Happy Monday, my friends! For the last two weeks we’ve been discussing how we declare that something is “not my problem.” In one sense it is healthy to remove ourselves and our energy from the drama of people around us; to say “that’s your shit” and move on. In another sense, though, we can see how saying something isn’t our problem is an excuse; an attempted moral exemption from acting in the best interests of our neighbors and working for our collective liberation. Taken yet another step further, dominant groups and privileged classes decide that because it’s not their problem and it doesn’t affect them that they can take away the rights of whole groups of people because why would anyone need to do something different than how the dominant group does something?

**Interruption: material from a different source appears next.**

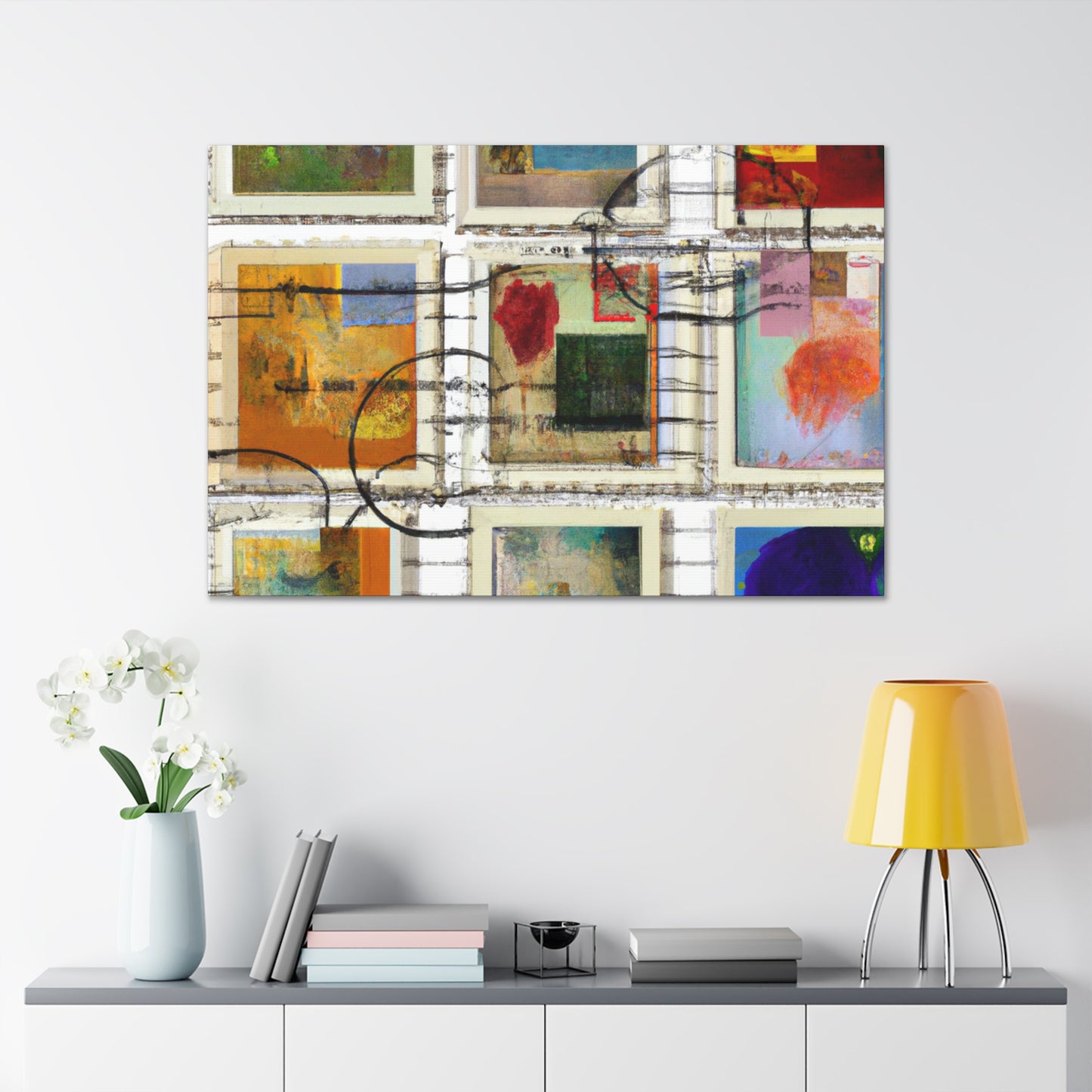 "Cultures and Continents" - Postage Stamp Collector Canvas Wall Art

When privileged groups decide that something is not their problem, it becomes exceptionally easy to marginalize and dehumanize other people. Dominant groups say, I’m not a woman, we don’t need to protect bodily autonomy. I’m not BIPOC and I’ve never experienced racism, so we don’t need to address racism. I’m not Queer, so why should we recognize same-gender marriage or teach about LGBTQIA+ identities in schools? Of course, dominant groups are rarely that blunt so what they say is more like: Well, if you don’t want to get pregnant then don’t have sex. If you haven’t broken the law, then you don’t need to fear police officers. Well, you can choose to be straight, and God can help.

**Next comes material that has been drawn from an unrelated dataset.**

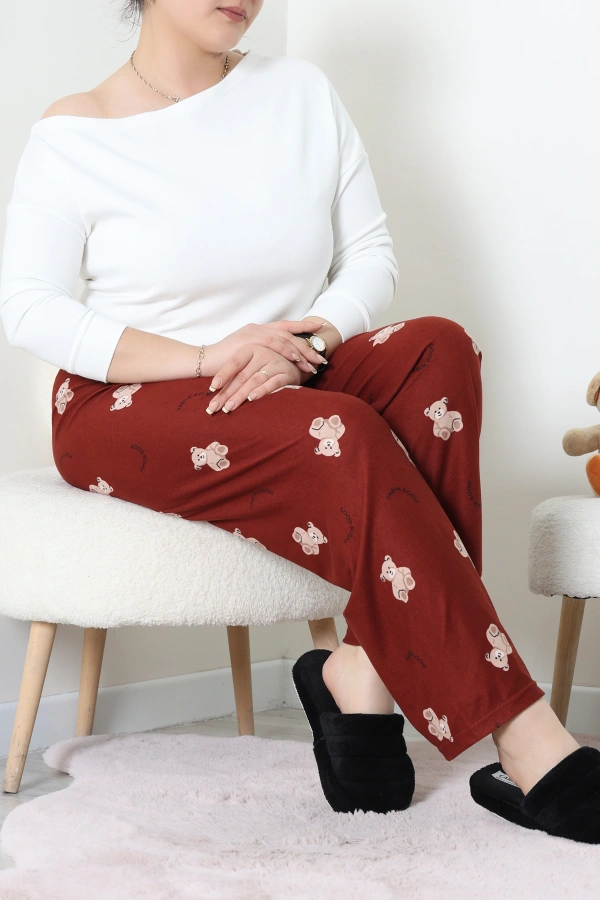 Büyük Beden Süet Pijama Altı Kahveayı 2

Compounded over centuries and millennia, these general observations—if it doesn’t apply to me, why does anyone need it—have created institutional structures which are not only built to exclude marginalized people, but are built so that marginalized people fail. Racist policies continue to funnel BIPOC children, particularly Black children, into schools designed by other racist policies to underperform and then into a pipeline through a racist criminal “justice” system to prisons and finally to cycles of poverty and further incarceration. And while Christianity aligning itself with conservative politics may be an innovation of the 20th and 21st centuries, Christianity dominated—read, was one in the same—European politics and government for the better part of the fall of the Roman empire to the French Revolution. During that period of European colonialism, European-conveyed homophobia and heteronormativity gained strong footholds in law around the world.

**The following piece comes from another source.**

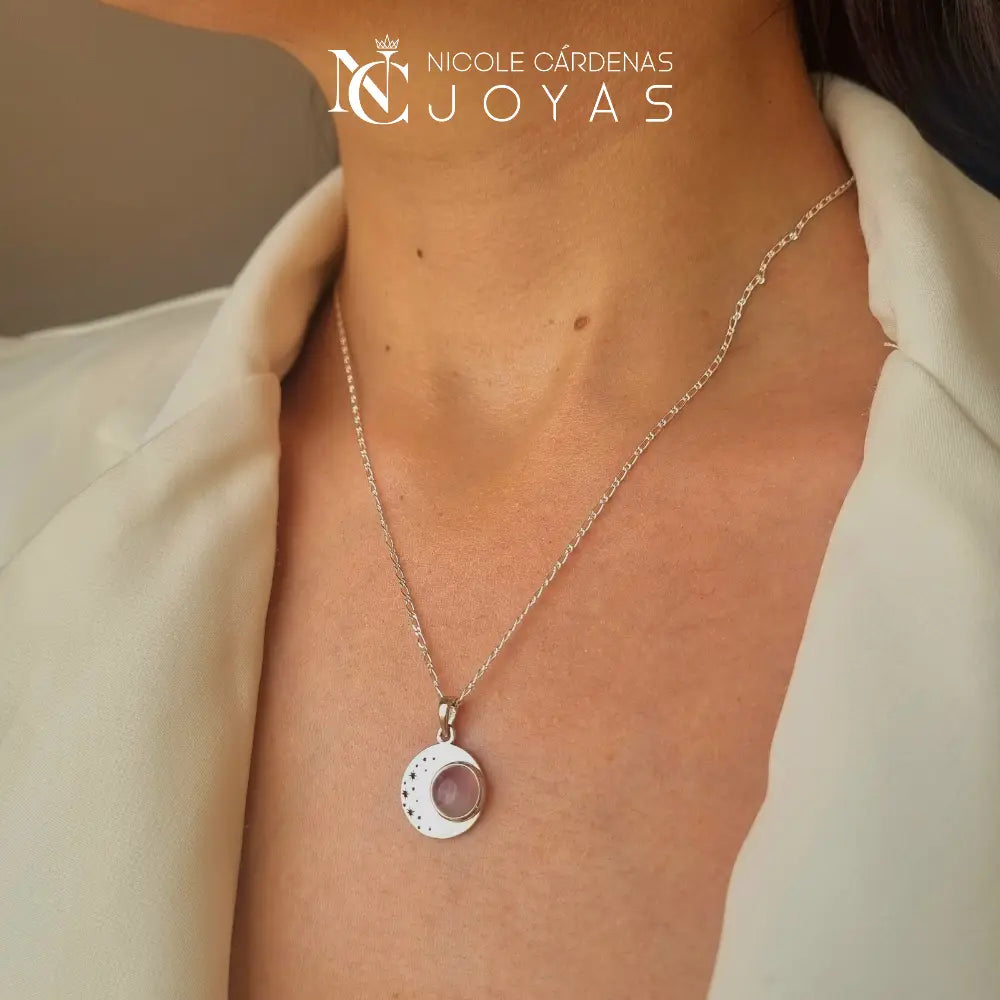 COLLAR CUARZO ROSA CON ESTRELLAS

Where do see the attitude of “not my problem” still showing up in your life and community? How does this legacy impact or not impact you.
Let us pray: God, give us the strength and the resolve to challenge and tear down the systems of oppression which have been built into our systems. Empower us to act. Keep us speaking, acting up, and making good trouble. Don’t give us patience, convict us to action. And, yes, God, if needed help find money for bail. We ask this through your son, our model of a righteous troublemaker. Amen.
Blessings on your week, my friends! Let me know if there is anything I can do for you.